:: Task directions ::
A stretch of the entries below is to be set down exactly, running from the line with "Продам тягач магнум євро 3 автомат" through the line with "КАЖДЫЙ РЕБЁНОК РОЖДАЕТ", both included, and no other line.
### Record excerpts ###
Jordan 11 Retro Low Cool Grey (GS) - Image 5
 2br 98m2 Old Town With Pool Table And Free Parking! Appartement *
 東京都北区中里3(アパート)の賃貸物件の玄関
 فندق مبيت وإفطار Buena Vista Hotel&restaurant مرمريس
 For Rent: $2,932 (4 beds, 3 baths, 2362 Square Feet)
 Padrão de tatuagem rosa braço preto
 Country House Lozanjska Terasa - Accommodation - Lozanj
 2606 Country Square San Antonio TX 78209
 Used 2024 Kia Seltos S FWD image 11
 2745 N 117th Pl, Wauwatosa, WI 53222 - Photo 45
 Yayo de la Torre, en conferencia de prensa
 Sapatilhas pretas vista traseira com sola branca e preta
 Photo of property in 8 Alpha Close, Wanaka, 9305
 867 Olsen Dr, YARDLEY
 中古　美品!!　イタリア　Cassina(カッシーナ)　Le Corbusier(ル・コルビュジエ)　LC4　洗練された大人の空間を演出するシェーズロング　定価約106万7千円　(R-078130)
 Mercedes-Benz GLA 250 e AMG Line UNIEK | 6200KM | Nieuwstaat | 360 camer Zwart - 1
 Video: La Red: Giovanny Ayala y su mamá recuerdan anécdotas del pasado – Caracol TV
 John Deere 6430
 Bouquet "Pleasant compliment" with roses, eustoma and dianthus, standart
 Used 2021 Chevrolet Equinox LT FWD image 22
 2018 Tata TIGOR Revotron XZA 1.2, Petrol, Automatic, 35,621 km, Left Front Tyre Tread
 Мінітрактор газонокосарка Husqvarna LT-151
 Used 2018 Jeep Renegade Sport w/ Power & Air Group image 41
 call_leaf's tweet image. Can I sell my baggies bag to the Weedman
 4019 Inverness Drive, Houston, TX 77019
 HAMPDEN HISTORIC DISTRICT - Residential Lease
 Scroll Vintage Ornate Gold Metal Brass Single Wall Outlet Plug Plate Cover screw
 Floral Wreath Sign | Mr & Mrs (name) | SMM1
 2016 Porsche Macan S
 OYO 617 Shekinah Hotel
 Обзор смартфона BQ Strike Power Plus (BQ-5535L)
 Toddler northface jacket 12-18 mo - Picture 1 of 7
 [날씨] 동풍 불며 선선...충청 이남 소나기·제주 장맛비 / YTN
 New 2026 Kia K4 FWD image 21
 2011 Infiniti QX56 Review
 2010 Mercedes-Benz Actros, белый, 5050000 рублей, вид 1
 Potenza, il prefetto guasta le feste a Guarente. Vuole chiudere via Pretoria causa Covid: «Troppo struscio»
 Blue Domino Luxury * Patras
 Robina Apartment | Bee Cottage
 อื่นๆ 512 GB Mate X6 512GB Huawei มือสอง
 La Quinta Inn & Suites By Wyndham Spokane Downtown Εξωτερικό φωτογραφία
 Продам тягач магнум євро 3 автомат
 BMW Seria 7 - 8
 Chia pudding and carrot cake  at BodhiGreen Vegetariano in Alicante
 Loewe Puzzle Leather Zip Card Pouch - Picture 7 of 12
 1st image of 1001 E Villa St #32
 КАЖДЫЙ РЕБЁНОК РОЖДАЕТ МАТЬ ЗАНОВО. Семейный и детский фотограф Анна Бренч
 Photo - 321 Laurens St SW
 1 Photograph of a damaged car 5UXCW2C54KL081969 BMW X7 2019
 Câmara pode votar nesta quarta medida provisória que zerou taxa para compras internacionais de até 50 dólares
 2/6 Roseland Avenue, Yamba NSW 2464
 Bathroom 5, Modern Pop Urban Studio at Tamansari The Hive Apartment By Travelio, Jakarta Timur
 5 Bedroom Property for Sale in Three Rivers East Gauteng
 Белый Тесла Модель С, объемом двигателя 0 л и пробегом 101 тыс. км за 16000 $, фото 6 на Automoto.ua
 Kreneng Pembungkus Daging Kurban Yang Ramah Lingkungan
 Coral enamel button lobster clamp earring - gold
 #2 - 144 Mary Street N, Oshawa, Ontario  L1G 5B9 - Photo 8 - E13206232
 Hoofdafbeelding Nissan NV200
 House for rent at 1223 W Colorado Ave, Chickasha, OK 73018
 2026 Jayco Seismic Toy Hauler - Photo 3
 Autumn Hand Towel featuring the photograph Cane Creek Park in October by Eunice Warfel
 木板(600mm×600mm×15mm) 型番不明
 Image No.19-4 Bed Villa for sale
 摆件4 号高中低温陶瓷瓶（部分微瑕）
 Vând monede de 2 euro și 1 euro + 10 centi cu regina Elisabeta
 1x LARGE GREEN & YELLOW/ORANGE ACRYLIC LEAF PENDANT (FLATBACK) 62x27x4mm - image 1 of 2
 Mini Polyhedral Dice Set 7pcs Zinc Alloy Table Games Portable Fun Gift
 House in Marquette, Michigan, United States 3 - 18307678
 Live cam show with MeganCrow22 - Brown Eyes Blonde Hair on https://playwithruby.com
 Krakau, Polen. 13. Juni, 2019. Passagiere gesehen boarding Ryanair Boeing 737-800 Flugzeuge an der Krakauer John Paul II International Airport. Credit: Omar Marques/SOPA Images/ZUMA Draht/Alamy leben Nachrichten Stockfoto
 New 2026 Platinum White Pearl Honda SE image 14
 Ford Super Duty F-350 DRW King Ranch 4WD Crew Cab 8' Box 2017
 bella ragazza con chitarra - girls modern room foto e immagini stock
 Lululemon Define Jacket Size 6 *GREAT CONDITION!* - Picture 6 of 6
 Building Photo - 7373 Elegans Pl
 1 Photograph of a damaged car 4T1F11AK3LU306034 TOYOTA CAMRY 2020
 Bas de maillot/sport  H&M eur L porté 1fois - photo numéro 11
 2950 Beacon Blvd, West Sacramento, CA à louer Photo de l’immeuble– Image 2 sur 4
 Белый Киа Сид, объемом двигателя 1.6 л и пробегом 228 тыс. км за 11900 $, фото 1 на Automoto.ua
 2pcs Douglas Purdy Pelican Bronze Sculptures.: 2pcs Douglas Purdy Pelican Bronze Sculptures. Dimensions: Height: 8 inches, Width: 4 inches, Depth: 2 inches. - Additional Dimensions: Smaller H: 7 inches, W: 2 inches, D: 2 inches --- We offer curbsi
###
:: Task output ::
 Продам тягач магнум євро 3 автомат
 BMW Seria 7 - 8
 Chia pudding and carrot cake  at BodhiGreen Vegetariano in Alicante
 Loewe Puzzle Leather Zip Card Pouch - Picture 7 of 12
 1st image of 1001 E Villa St #32
 КАЖДЫЙ РЕБЁНОК РОЖДАЕТ МАТЬ ЗАНОВО. Семейный и детский фотограф Анна Бренч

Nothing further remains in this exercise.